Popper, Mars’ta üç tür bakteri bulursak, Darwinizm’in yanlışlanıp yanlışlanamayacağını sorduğumuzda, cevabın “yanlışlanmayacağı” olduğunu söyler. Çünkü bu var olan türlerin, mutasyona uğramış evvelki türlerin adapte olmuş yegâne formları olduğunu söyleyebiliriz. Aynı şeyi Mars’ta tek bir tür bakteri de bulsak, herhangi bir başka sayıda bakteri veya başka canlı organizma bulsak da söyleyebiliriz. Bu da bize, Evrim Teorisi’nin, yanlışlanamayacak ve öngörüde bulunamayacak şekilde formüle edildiğini gösterir.
Çünkü Mars’ta hangi canlı türlerini bulmayı beklememiz gerektiğini bu teori tahmin edememekte ve yanlışlanma olanağı tanımamaktadır. Bir teorinin bilimsel kriterlere uygunluğunu, mümkün olduğunca yanlışlanmaya açık bir şekilde iddialarını belirtmesine ve öngörüde bulunarak kendisini tehlikeye atmasına bağlayan yanlışlamacı yaklaşımının kriterlerini, Popper, Evrim Teorisi’nin karşılamadığını düşünmüştür.
Birçok kişi, Popper’ın koyduğu kriterlere göre Evrim Teorisi bilimselliğin kriterlerini karşılayamıyorsa, o zaman sorunlu olanın Evrim Teorisi değil fakat Popper’ın bilim felsefesindeki yaklaşımı olduğunu ifade etmiştir. Bu tip eleştirilerin ve de baştan değerlendirmelerinin etkisiyle Popper, Evrim Teorisi’ne getirdiği eleştirilerinin bir kısmını sonradan geri çekmiştir.
Önceden Darwinizm’in, “durumsal mantık” (situational logic) uyguladığını söylemişti. Darwinci yoruma göre, türlerin içinde çeşitliliğe yol açan bazı değişiklikler (varyasyonlar) olur, bu varyasyonlardan bazısı doğal seleksiyonla seçilir, bazıları yok olur. Bu yorum, türlerin oluşumu için bir süreç tarifi yapar fakat gözlemlenen bu sürecin sonucudur.
Söylenen “Çevreye uyum sağlayanın yaşadığıdır” fakat “Yaşayan kim” diye sorarsak bu sorunun cevabı da “Çevreye uyum sağlayan” şeklindedir. Popper, duruma göre uygulanan bu mantığın bir totoloji olduğunu söylemişti. Popper önceden bu tarzda bir totolojinin yanlışlanabilmesine olanak olmadığını söylemişti. Sonradan ise doğal seleksiyonla ilgili açıklamaları totoloji olarak değerlendiren bu yaklaşımının hatalı olduğunu ifade etti. Gerçekten de bazı türler koşullar gereği yaşamaya devam ederken bazı türlerin yok olduğu gözlenebilen bir olgudur; Popper’ın bunu başta “totoloji” olarak değerlendirmiş olması hatalıdır.

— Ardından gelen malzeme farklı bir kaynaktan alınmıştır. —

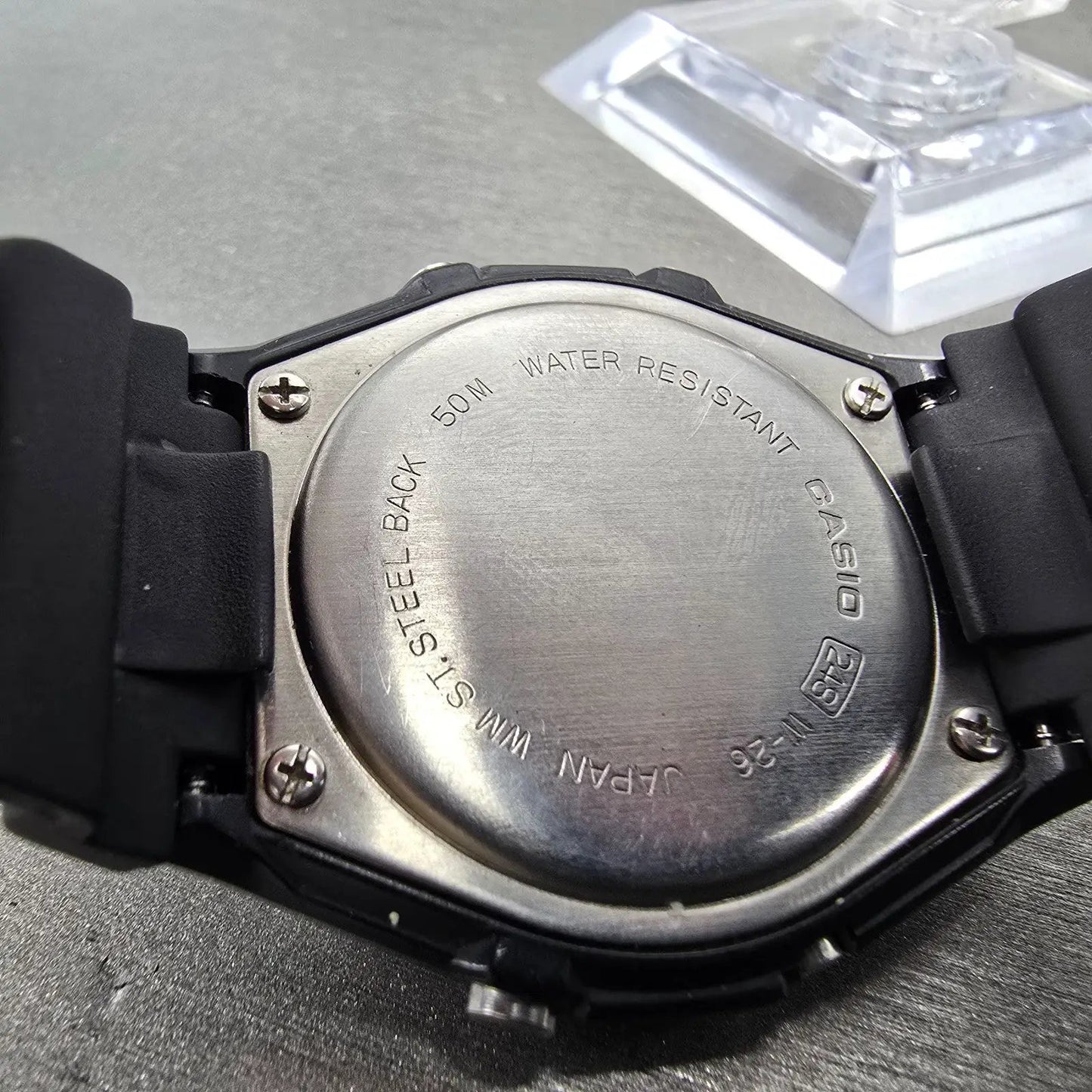 Casio W-26 Watch Men 37mm Black Alarm Chronograph Digital New Battery Vintage F9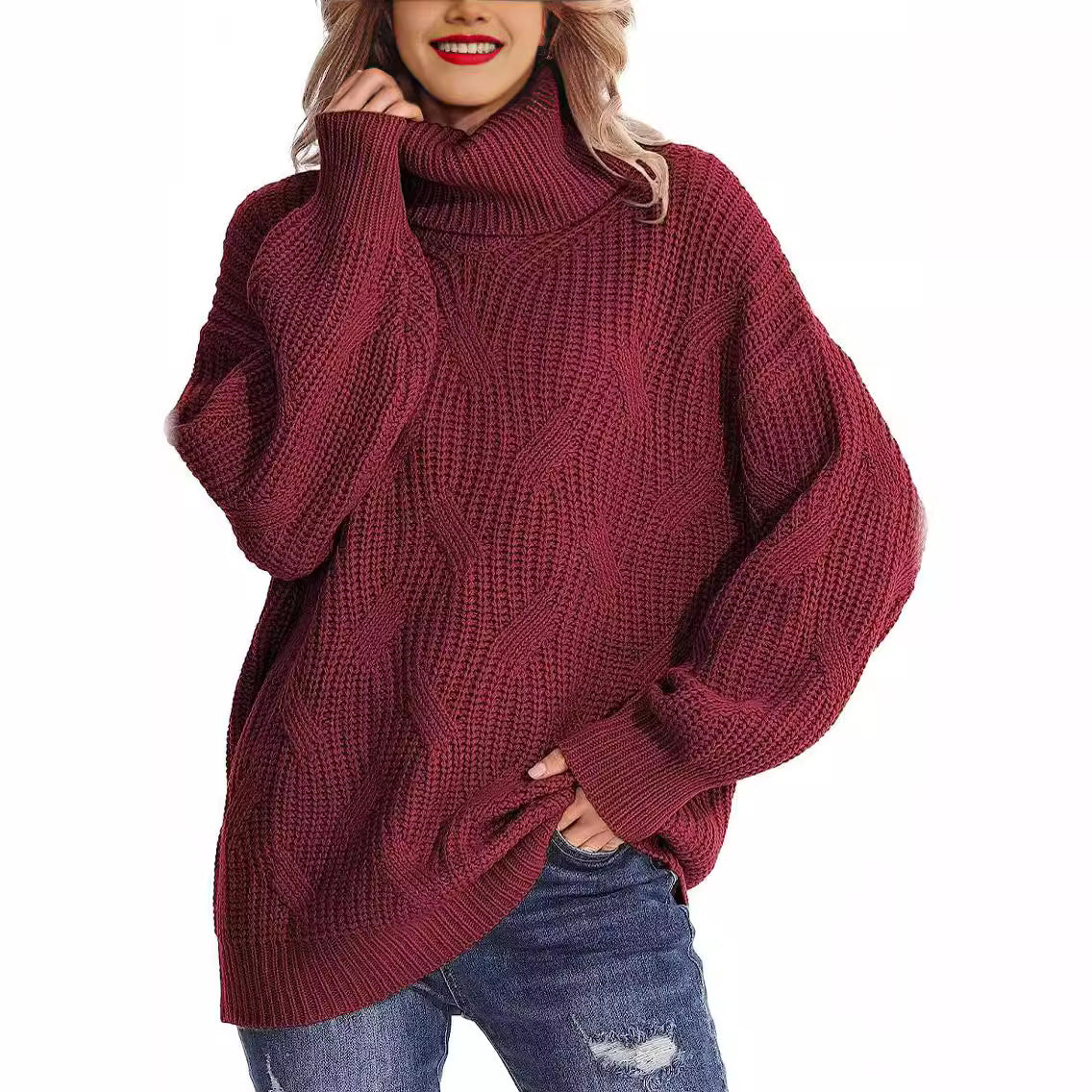 Women's Loose High Collar Twisted Knitted Pullover Sweaters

Popper’ın evrim hakkındaki söyledikleriyle ilgili yaptığı düzeltmeyi okuduğumda; Popper’ın, Evrim Teorisi’nin yanlışlanabilirlik kriterini karşılamadığıyla ve “metafizik bir araştırma programı olduğu” ile ilgili beyanında bir düzeltme yapmadığı kanaatine varıyorum. Eleştirilerini geri çekerken kullandığı şu tip ifadeleri bunu göstermektedir: “Bu, yüksek derecede etkili ve güçlü bir teoridir.
Bu teorinin evrim sürecini tamamen açıkladığı, elbette aşırı bir iddiadır ve doğruluğu ortaya konmaktan çok uzaktır… Ancak Darwin’in Evrim Teorisi’ne en önemli katkısı olan doğal seleksiyon teorisinin test edilmesi zordur… Benim bu konudaki çözümüm doğal seleksiyon teorisinin en başarılı metafizik araştırma programı olduğunu söylemektir
Popper’ın Evrim Teorisi hakkındaki düşüncesinin tam olarak ne olduğu tartışma konusu olmuştur. Ben, bunun çok önemli olmadığı, daha ziyade önemli olanın bu teorinin bilimselliğin kriterlerini ne kadar karşıladığını saptamak olduğunu düşünüyorum.
Ernst Mayr’ın da dikkat çektiği gibi, bilim tarihi incelendiğinde, bilimsel teorilerin reddedilmesinin gerçek sebebi bu teorilerin apaçık yanlışlanması olmamıştır fakat daha basit ve daha muhtemel bir teorinin ortaya konması eski teoriyi bir kenara bıraktırmıştır. (Mayr’ın bu yaklaşımı, benim de benimsediğim “en iyi açıklamayı bulma” kriterine denk düşmektedir.)
Bilim tarihindeki ilerlemelerin yanlışmalarla olduğu söylenemez. Mayr, ortaya konulan yeni teorinin -özellikle biyolojide- olasılıkçı yoruma dayanan bilimsel çıkarımlara uyduğunu; mutlak deliller aramamak gerektiğini söyler. Bilim insanının pragmatik olduğuna ve yeni bir teori ileri sürülünceye kadar eskisinden memnun olduğuna dikkat çeker. Darwin’in de bu şekilde düşündüğünü ve Evrim Teorisi’nin, matematiksel deliller gibi mutlak olduğunu ileri sürmediğini; bu teorinin, alternatif görüşlerden daha muhtemel olduğu için kabul edilmesi gerektiğini söylediğini belirtir.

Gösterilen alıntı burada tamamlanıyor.